428+built in soundcard?

  • Thread starter Thread starter wesley tanner
  • Start date Start date
wesley tanner

wesley tanner

New member
now this may seem ignorant, and perhaps it is...

I currently run a tascam 428, giving me 4 tracks at once... when recording drums, I'd looove to have seperate toms and OH, or be able to have a snare under and over mic'ed... anyways, I just discovered the soundcard in my dell can run simultaniously, giving me 2 more ins... are my tracks going to sync? is the quality difference going to be so drastic that it's not worth it? I'm asking because the only time I have to actually record--if I mess up, I loose a lot of tracks for people who reaaally wouldn't be happy about it. anyways, thanks in advance.

wes
 
Ah, been there, done that pretty much exactly (I use the 428 as well).

While it seemed like a good idea in theory, I didn't have much success. The inferior drivers of my sound card sucked so bad that it just bogged down everything to the point where I could barely get things to work at all.
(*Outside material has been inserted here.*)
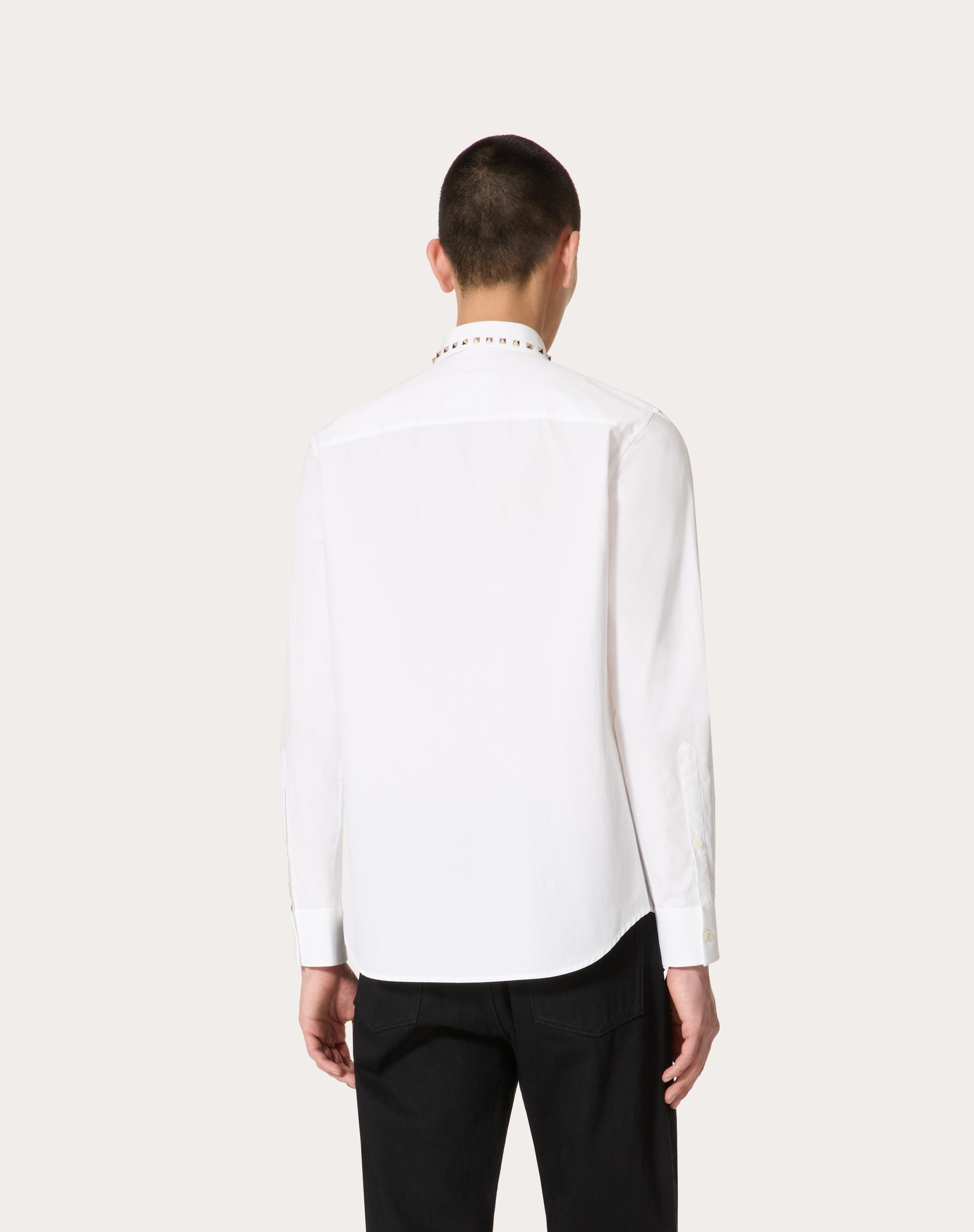 LONG SLEEVE COTTON SHIRT WITH BLACK UNTITLED STUDS ON COLLAR - 4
I've had ok luck with kick, snare, mono overhead, and toms mixed down to one track with a PA mixer, but if I had to do it again right now with 4 inputs, I'd suggest just eliminating close mics on the toms altogether and going with a simple kick, snare, and two overheads.

Of course it's important to have decent mics, but that's nothing new in recording.

Let the overheads be your main tools - position them so that you get the right balance of kit elements, and make sure to keep the kick and snare centered in the stereo image (unless you want to differ on that for artistic reason), and then use the kick and snare mics to supplement this sound.

I always used to lust over the ability to mic up each tom individually, but I'm not too interested in that anymore. It's just not very important to the sound, and I find that a big roomy non-close mic'd drum sound has a lot more rocking power, and really sounds a lot cooler.

I've actually just bought a motu 828 off ebay, and even though I could close mic toms, I dont think I'm really going to next time I do recording of drums. My extra channels are going to go more to things like the under snare mic, a condenser a few feet back on kick, etc.

I know you mentioned an under snare mic, and I do find I like what's at the bottom of a snare, but unless you can mix it down with the top mic (dont forget to flip the polarity on one), I'd just go with the simple approach and rely on the overheads.

After fussing over close mics, it's amazing how much the overheads can do that is often taken for granted.

I've found before that I had to compress the hell out of tom mi cs to make them audible above what's in the overheads, and in situations like that it becomes clear that the question is "Do I actually even need this?"

Just some thoughts.
 
I've experimented with all those methods... I worked a bit about it today, but it didn't work out as well as in my head... I get some bands here that like really modern sounding drums, I have to close mic EQ and compress the hell out of them... I usually wind up with a mono OH and toms that I have to edit out when they're not playing so you don't hear the sympathic vibrations when a kick is hit nice and hard....

come to think of it, though, the best rocking sound on the drums I've had was just with two overheads kick and snare.... hmmmmmmmmmmm I think i'll go back to that... it'll really help that I've got 2 nice preamps now too. ahhh yes, I can't wait to record more... it's just so addicting...
 
I use a 428 with a emu 1212 connected via lightpipe to a behringer ada8000.
It works out pretty well.

Of course I only use the tascam now for midi and headphone monitoring.